-------- Data to use

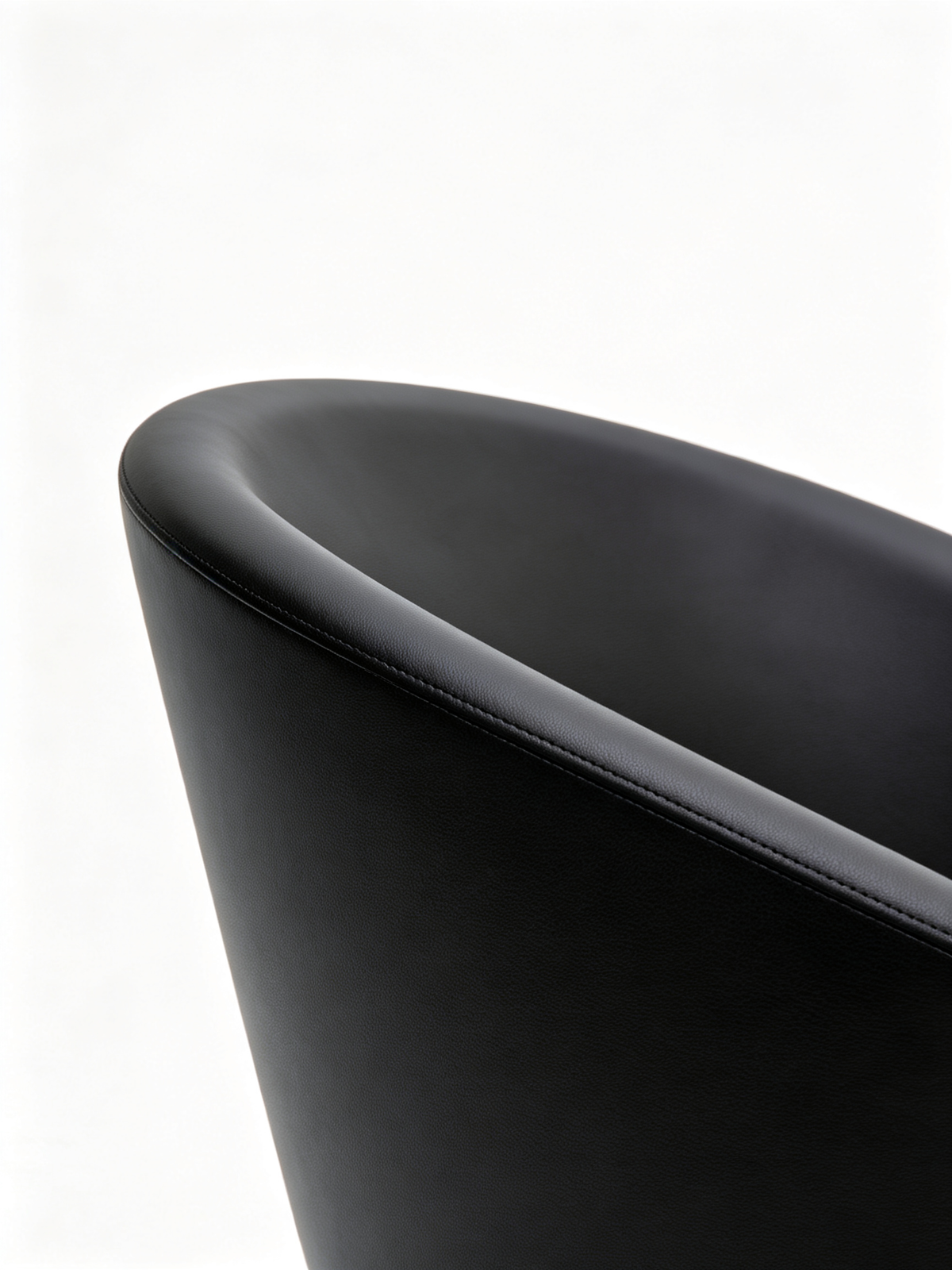 VEX Smoked Ash Upholstered Dining Chair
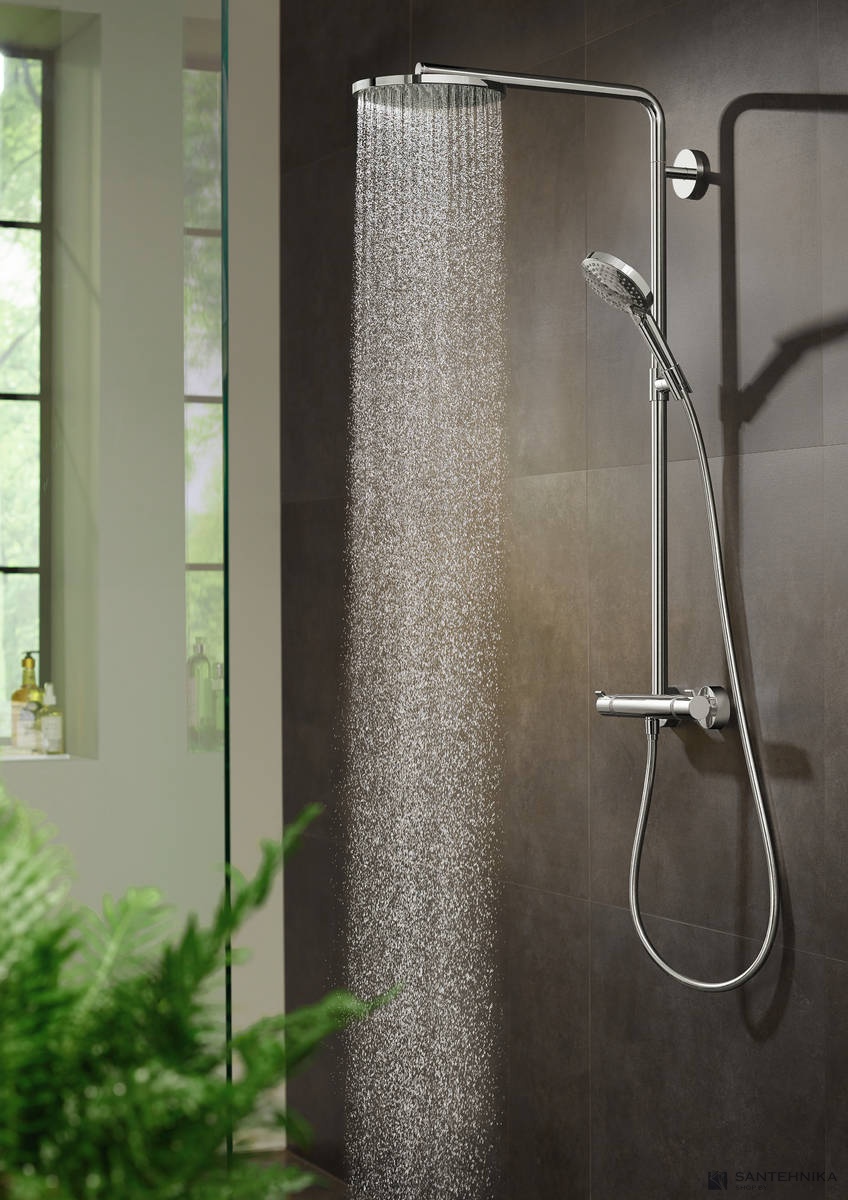 Душевая система Hansgrohe Croma E Showerpipe 280 1jet 27633140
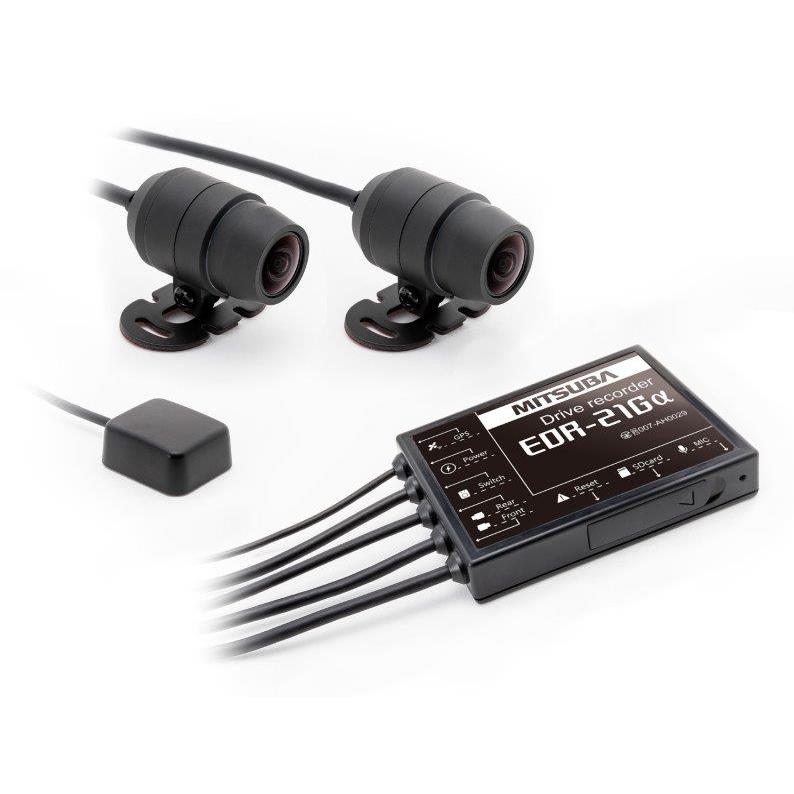 MITSUBA（ミツバ） ミツバサンコーワ バイク専用ドライブレコーダー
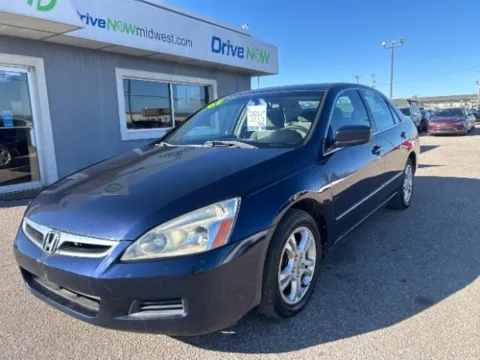 Blue 2007 Honda Accord Sdn EX Sedan AT for sale in Wichita, KS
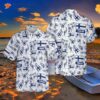 Finland Flag Hawaiian Shirt
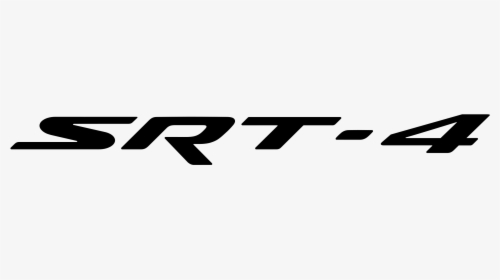 Srt 4 Logo Png Transparent, Png Download, Free Download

----------------

Could the entries above be copied out exactly, with no pictures included?

→ Result for this exercise
 VEX Smoked Ash Upholstered Dining Chair
 Душевая система Hansgrohe Croma E Showerpipe 280 1jet 27633140
 MITSUBA（ミツバ） ミツバサンコーワ バイク専用ドライブレコーダー
 Blue 2007 Honda Accord Sdn EX Sedan AT for sale in Wichita, KS
 Finland Flag Hawaiian Shirt
 Srt 4 Logo Png Transparent, Png Download, Free Download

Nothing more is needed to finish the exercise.